Expert Panel
“Uncertainty Interaction in Self-Adaptive and Self-organizing Systems”
Tokyo, October 1st, 2025 14:00-15:30
Summary
The world is undergoing a profound transformation in which systems controlled by software are increasingly used to support critical tasks across essential domains (e.g., healthcare, transportation, banking) characterized by high degrees of uncertainty introduced by the complex interactions with their human users, the use of machine learning components, nontrivial interdependencies between their physical elements and software, and rapidly changing environmental conditions. Hence, providing assurance about the safety and performance of such “software-intensive” systems under specified levels of uncertainty is crucial to their adoption. During the last decade, researchers have made an important effort in supporting the construction of software-intensive systems that operate under uncertainty by devising modeling notations, analysis, and assurance mechanisms that have increasingly started to capture and mitigate the effects of different types of uncertainty [1,2]. However, these solutions tend to tackle different types of uncertainty in isolation; yet, different uncertainty types are rarely independent and often interact, causing emergent effects that impact the achievement of system goals in subtle and often unpredictable ways [3,4]. This expert panel will explicitly address the pivotal role of the Uncertainty Interaction Problem (UIP) [3,4] and the need for an explicit management of uncertainty interactions in building safer and more resilient self-adaptive and self-organizing systems.

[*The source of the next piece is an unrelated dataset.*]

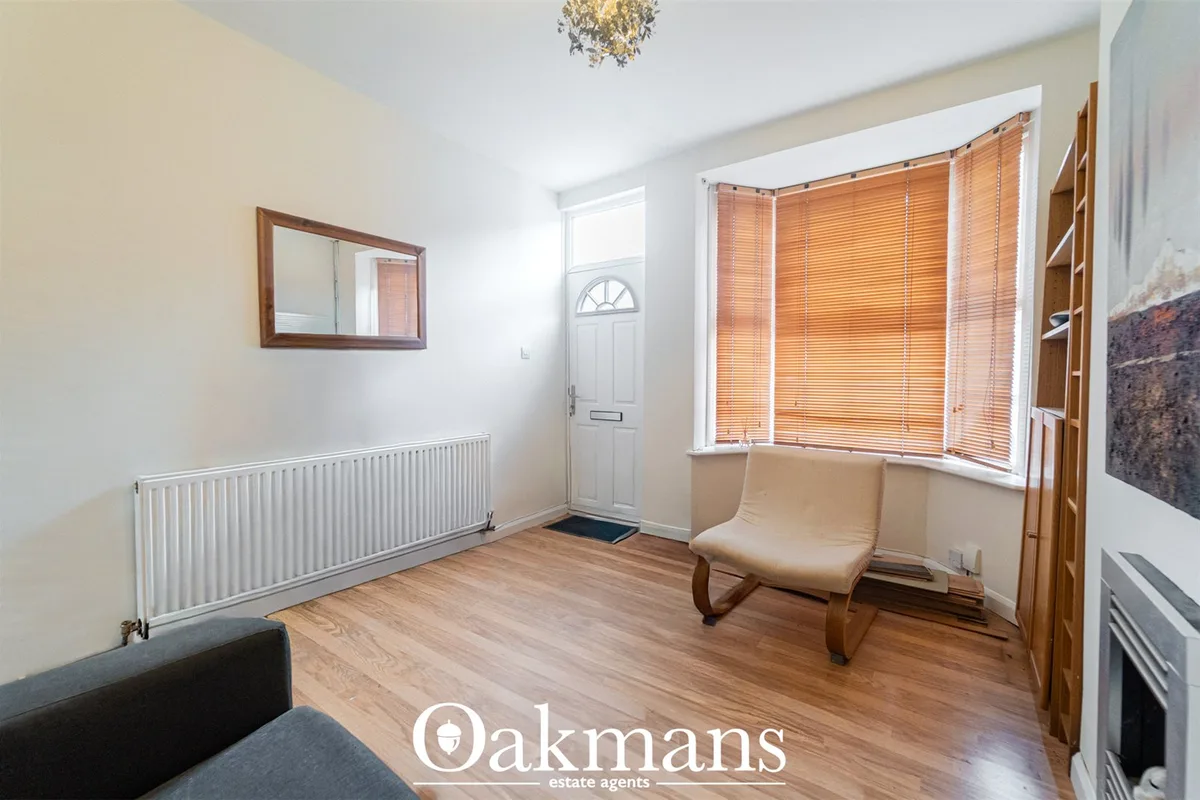 Bright entrance hallway with cream walls, wooden flooring, white radiator, framed mirror, and bay window with wooden bli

[1] Andres J. Ramirez, Adam C. Jensen, and Betty H. C. Cheng. 2012. A taxonomy of uncertainty for dynamically adaptive systems. In Proc. of SEAMS’12. IEEE Computer Society, 99–108.
[2] Sara Mahdavi-Hezavehi, Danny Weyns, Paris Avgeriou, Radu Calinescu, Raffaela Mirandola, Diego Perez-Palacin: Uncertainty in Self-adaptive Systems: A Research Community Perspective. ACM Trans. Auton. Adapt. Syst. 15(4): 10:1-10:36 (2021)

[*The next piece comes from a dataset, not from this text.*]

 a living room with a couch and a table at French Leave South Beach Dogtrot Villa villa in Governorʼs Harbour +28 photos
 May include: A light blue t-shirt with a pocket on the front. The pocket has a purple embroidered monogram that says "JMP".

[3] Javier Cámara, Javier Troya, Antonio Vallecillo, Nelly Bencomo, Radu Calinescu, Betty H. C. Cheng, David Garlan, Bradley R. Schmerl: The uncertainty interaction problem in self-adaptive systems. Softw. Syst. Model. 21(4): 1277-1294 (2022)
[4] Javier Cámara, Radu Calinescu, Betty Cheng, David Garlan, Bradley Schmerl, Javier Troya, Antonio Vallecillo. Addressing the Uncertainty Interaction Problem in Software-intensive Systems: Challenges and Desiderata. 25th ACM/IEEE International Conference on Model Driven Engineering Languages and Systems (MoDELS 2022): 24-30 (2022)
Panelist Bios
Dr Nelly Bencomo is Associate Professor of Computer Science at Durham University, UK. Her research spans self-adaptive systems, digital twins, and decision making under uncertainty, with contributions to requirements engineering, runtime models, and assurance. In 2019 she was granted the prestigious Leverhulme Fellowship “QuantUn: quantification of uncertainty using Bayesian surprises.” She received two 10-year Most Influential Paper Awards in 2019 related to the topic of uncertainty management, for “RELAX: Incorporating Uncertainty into the Specification of Self-Adaptive Systems” (RE 2009) and for “A Goal-Based Modeling Approach to Develop Requirements of an Adaptive System with Environmental Uncertainty” (MODELS 2009). She serves regularly on program committees for SEAMS, RE, ICSE, and ACSOS.
Lola Burgueño is an Associate Professor at the University of Málaga, Spain. Her research interests lie in the fields of software engineering and model-based software engineering. She has made contributions to the application of artificial intelligence techniques to improve software development processes and tools, uncertainty management during the software design phase, and model-based software testing, among others.
David Garlan is Professor of Computer Science and Associate Dean in the School of Computer Science at Carnegie Mellon University. His research interests include software architecture, self-adaptive and autonomous systems, formal methods, and cyber-physical systems. He is recognized as one of the founders of the field of software architecture, and in particular, formal representation and analysis of architectural designs. He has received a Stevens Award Citation for “fundamental contributions to the development and understanding of software architecture as a discipline in software engineering,” an Outstanding Research award from ACM SIGSOFT for “significant and lasting software engineering research contributions through the development and promotion of software architecture,” an Allen Newell Award for Research Excellence, an IEEE TCSE Distinguished Education Award, and a Nancy Mead Award for Excellence in Software Engineering Education. He is a Fellow of the IEEE and ACM.